SSA’s POMS specifically notes that for an aged beneficiary, a group health plan may be “of any size.” SSA’s evidence rules also say the GHP evidence does not need to state the employer’s size or whether the plan was primary to Medicare.

Agent takeaway

For a 67-year-old with active coverage through a 15-employee employer, do not say, “No SEP because the employer was under 20.” The better answer is: “Medicare may have been primary while you were working, so there may be claims exposure, but the Part B SEP may still be available if the coverage was based on current employment and the other SEP requirements are met.”

Employer size can change who pays first. It does not, by itself, answer whether SSA will accept the Working Aged SEP.

Timing: when should the client file?

Do not build the workflow around the last two weeks.

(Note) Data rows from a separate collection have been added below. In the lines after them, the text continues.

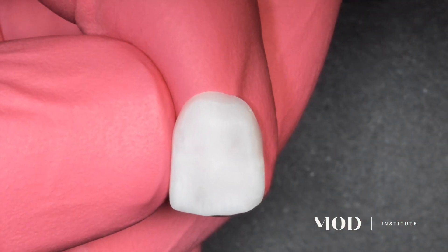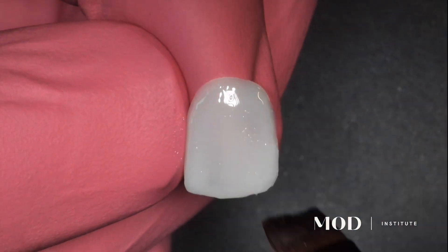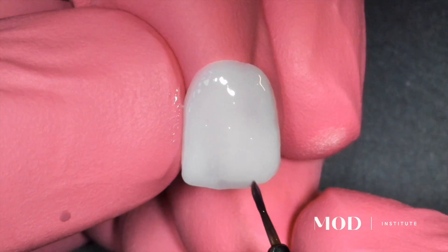Heat it up to 50 degrees Celsius to make it super flowable, then paint it onto the surface of your restoration. This could even be a restoration that's already been placed many years down the line and you want to refresh the candy coat.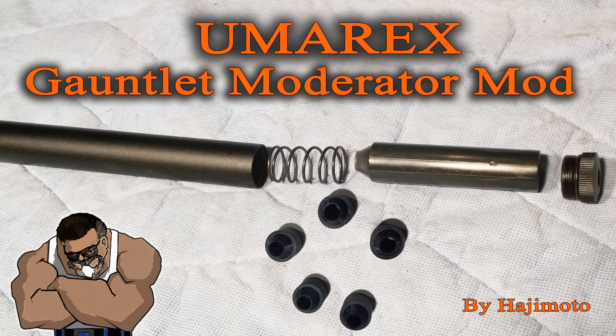What's going on, people? It's Ajimoto with another Umarex Gauntlet tweakification. In this video we're going to talk about the Umarex Gauntlet's moderator — some people call it a suppressor, or LDC, there's a thousand different names for it — but we're going to take a little walk through the basics first so that we can get an understanding of exactly what this part of the gun actually does.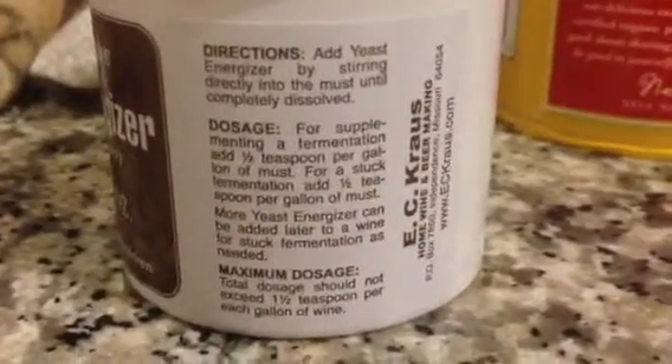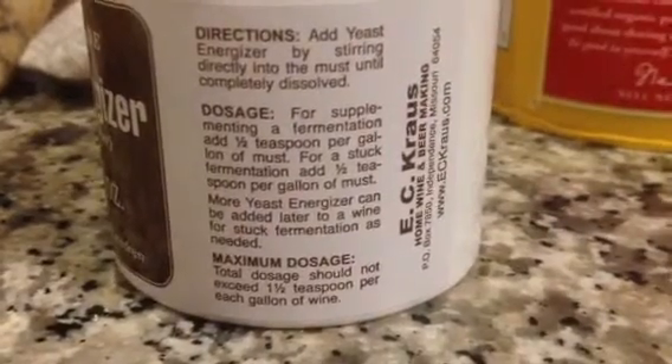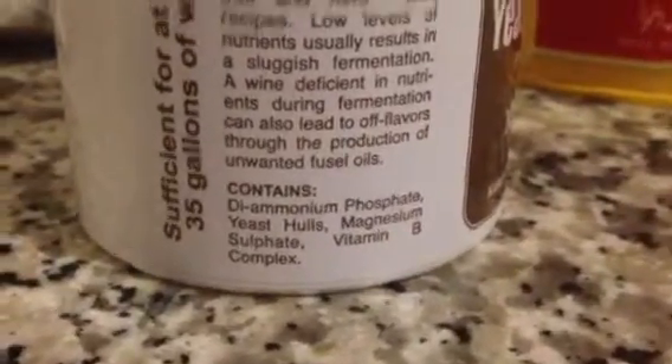Alright, so today I'm adding raisins and a different kind of nutrient. Just pause it if you want — oh wait, it doesn't say ingredients. Okay, there. Pause it right now if you want to see what's in it, then you can buy that stuff, or you can just buy this.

Medicare.gov advises people working past 65 to sign up before employer coverage ends. SSA’s effective-date rules for GHP SEP enrollments are more flexible when the person files while still covered by the group health plan, or during the first full month after that coverage ends. In that situation, coverage may begin the first day of the month of enrollment or, at the person’s option, the first day of any of the following three months. If the person enrolls during the remaining seven months of the SEP, coverage begins the first day of the month after enrollment.

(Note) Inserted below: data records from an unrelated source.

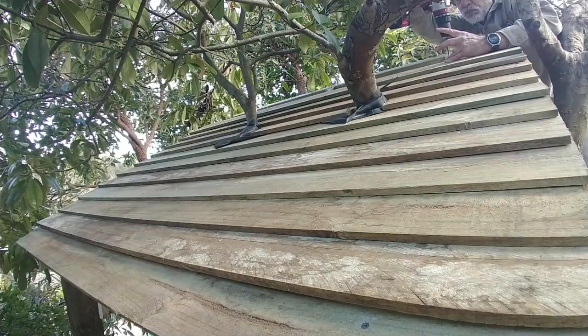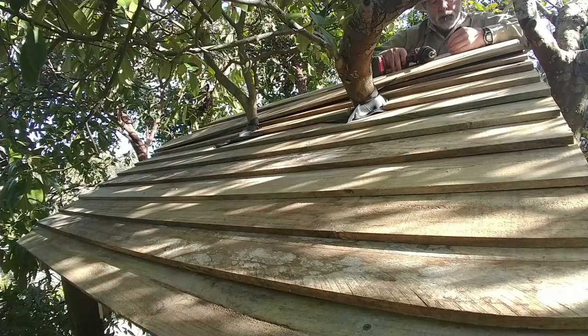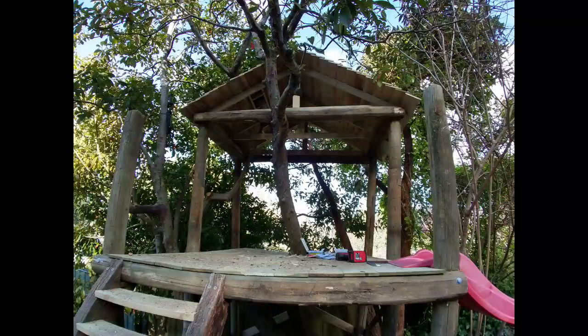I had to get on top of the roof to put the last couple of planks on, so I was kind of glad I used structural grade pine for those trusses. All done. Stay tuned for the next episode: The Walls.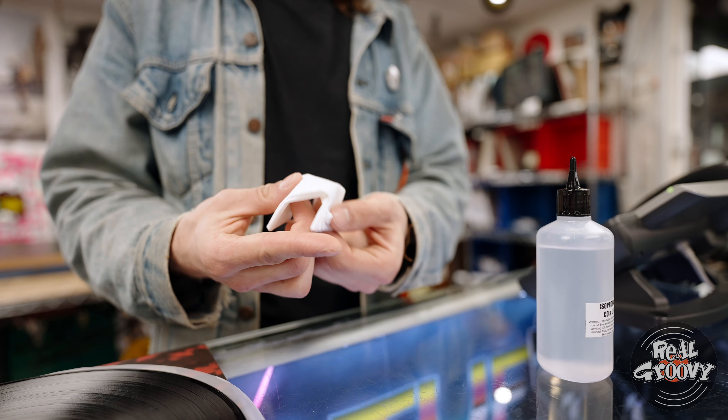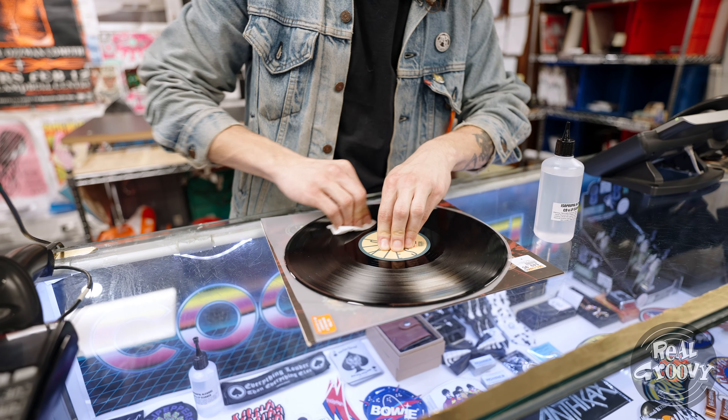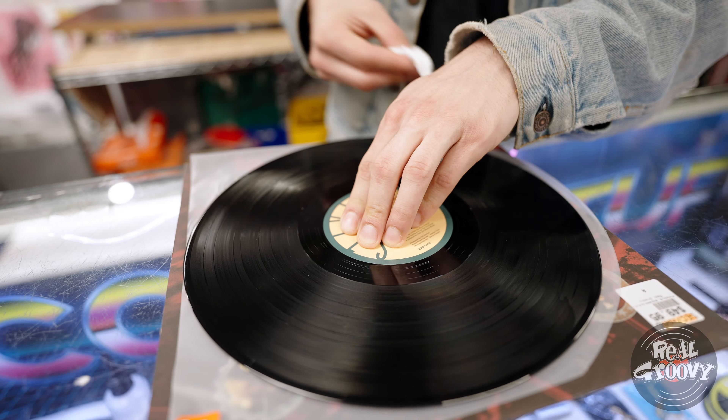So if you're on a budget and just want to give your record a quick clean, the best way to do it is use a bit of tissue and some isopropyl alcohol. Make sure you're using a non-scented tissue because that can corrode your record over time.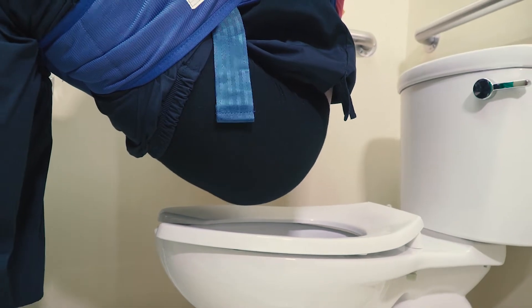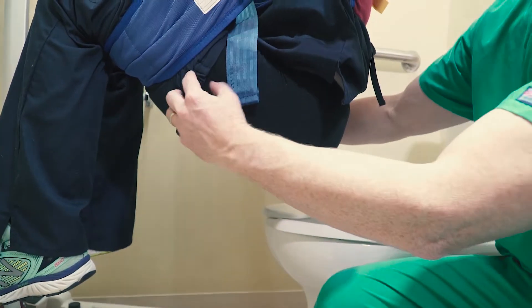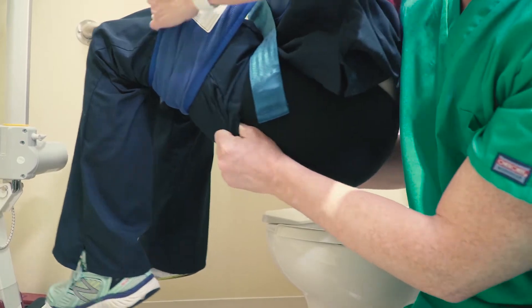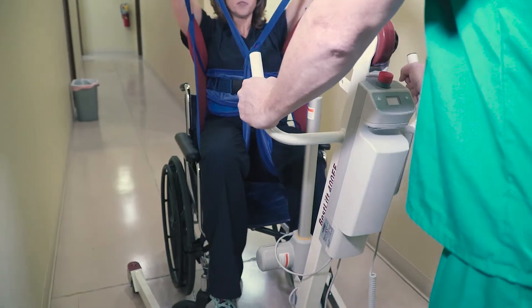With one hand on the patient and one hand on the lift controls, slowly begin lifting the patient. With the patient raised, you can assist them with wiping or other hygiene before pulling the patient's pants back up. You can now return the patient to their chair.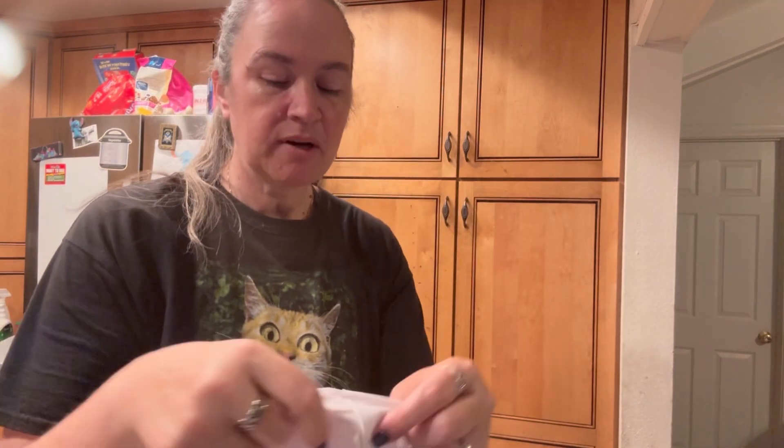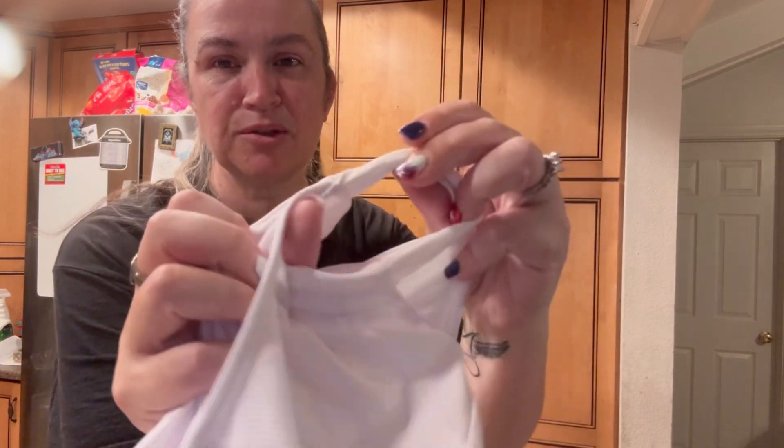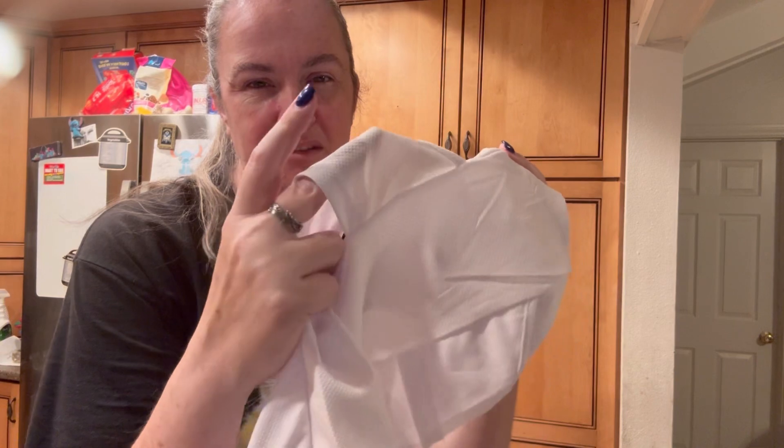The mask also has these little side pockets on the side, so you get a lot of cool air coming through the mask as well. Thank you for watching.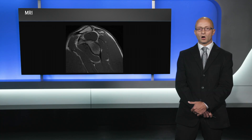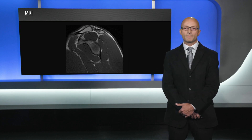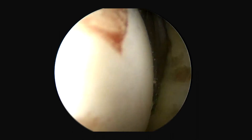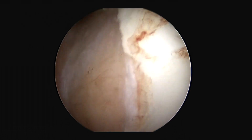So we're going to proceed with an arthroscopic repair using knotless fiber-tack anchors. Here is his diagnostic arthroscopy of the left shoulder, viewed from a posterior portal. You can see his Bankart tear anteriorly, and as we pull posteriorly, we can see his large Hill-Sax lesion.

For agents, the ideal timing is usually:

  • Start gathering employer proof 60 to 90 days before retirement.
  • File approximately one month before employer coverage ends.
  • State the desired Part B effective month clearly.
  • Keep proof of submission.
  • Confirm the Medicare effective dates before submitting Medicare Advantage, Part D, or Medigap applications that depend on those dates.

This is also a recordkeeping issue. Agents should retain a clean timeline of dates, evidence, client instructions, and submissions. If your agency stores SOAs, call recordings, enrollment notes, and supporting files in separate places, this is a good use case for an agent compliance vault for Medicare and ACA records.

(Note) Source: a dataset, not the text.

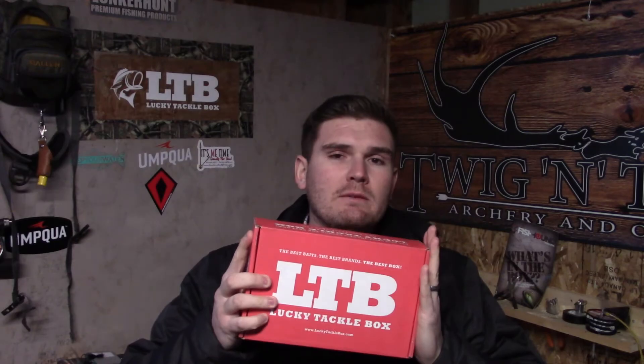What's going on guys? Weekend Timber Outdoors — today we're going to cover December's LTB Fly Fishing Box.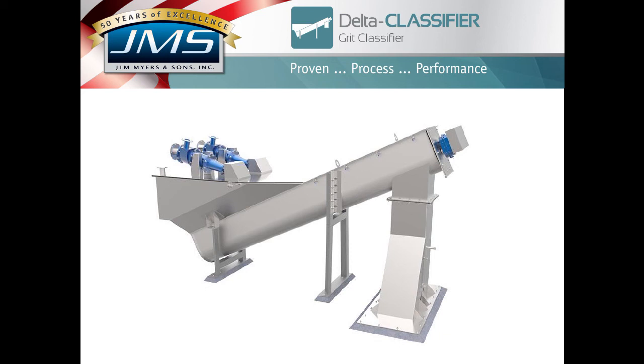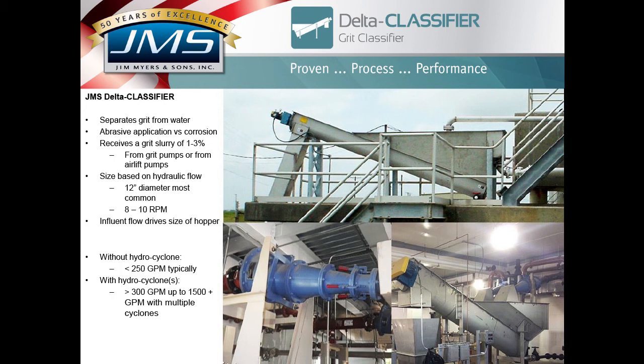The first screen is our Delta Classifier — this is a dual hydrocyclone, specifically a 24-inch diameter Delta Classifier. The Delta Classifier separates grit from water. It's an abrasive application, with abrasion being a larger design consideration than corrosion resistance. The system receives a grit slurry from an airlift pump or, more typically, from grit pumps, with a slurry of 1% to 3% solids — typically less than 1%.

Do not overbuild around one upload tool

Agents should avoid writing client instructions that depend on one specific upload or signature tool.

SSA’s current public guidance supports several durable points:

  • People with Part A can apply for Part B during a valid enrollment period.
  • People who qualify for the Working Aged SEP can apply online.
  • The online Part B SEP process requires the beneficiary’s eSignature.
  • Fax and mail options remain available using CMS-40B and CMS-L564 or other evidence when needed.

That matters because many clients do not have printers, scanners, or comfort with upload flows.

The practical process note for agents is simple: prepare the documents, but do not have the agent sign or submit as if they are the beneficiary. The beneficiary should sign their own Medicare enrollment request or use SSA’s eSignature process. If the client cannot complete the online route, fax, mail, or local SSA office submission may still be the cleaner path.

No printer? CMS-L564 evidence is more flexible than many agents realize

CMS-L564 is the familiar proof form, but it is not the only possible evidence.

SSA’s evidence rule says CMS-L564 Section B is evidence of employer group health plan coverage. For Section B, a wet signature is not required. SSA may accept electronic, stylus, rubber-stamp, or other signatures. SSA may also accept a letter, fax, or email from the employer, group health plan, or large group health plan if it includes the needed information and comes from an appropriate company official.

If the employer or plan cannot provide complete evidence, SSA may consider secondary proof such as income tax returns showing health insurance premiums, W-2s showing pre-tax medical contributions, pay stubs showing premium deductions, health insurance cards with effective dates, explanations of benefits, or receipts showing payment of health insurance premiums.

This gives agents a practical no-printer solution.

Ask HR or the benefits administrator to either complete CMS-L564 electronically or send a signed employer letter/email confirming employment dates, group health plan coverage dates, and that coverage was based on current employment.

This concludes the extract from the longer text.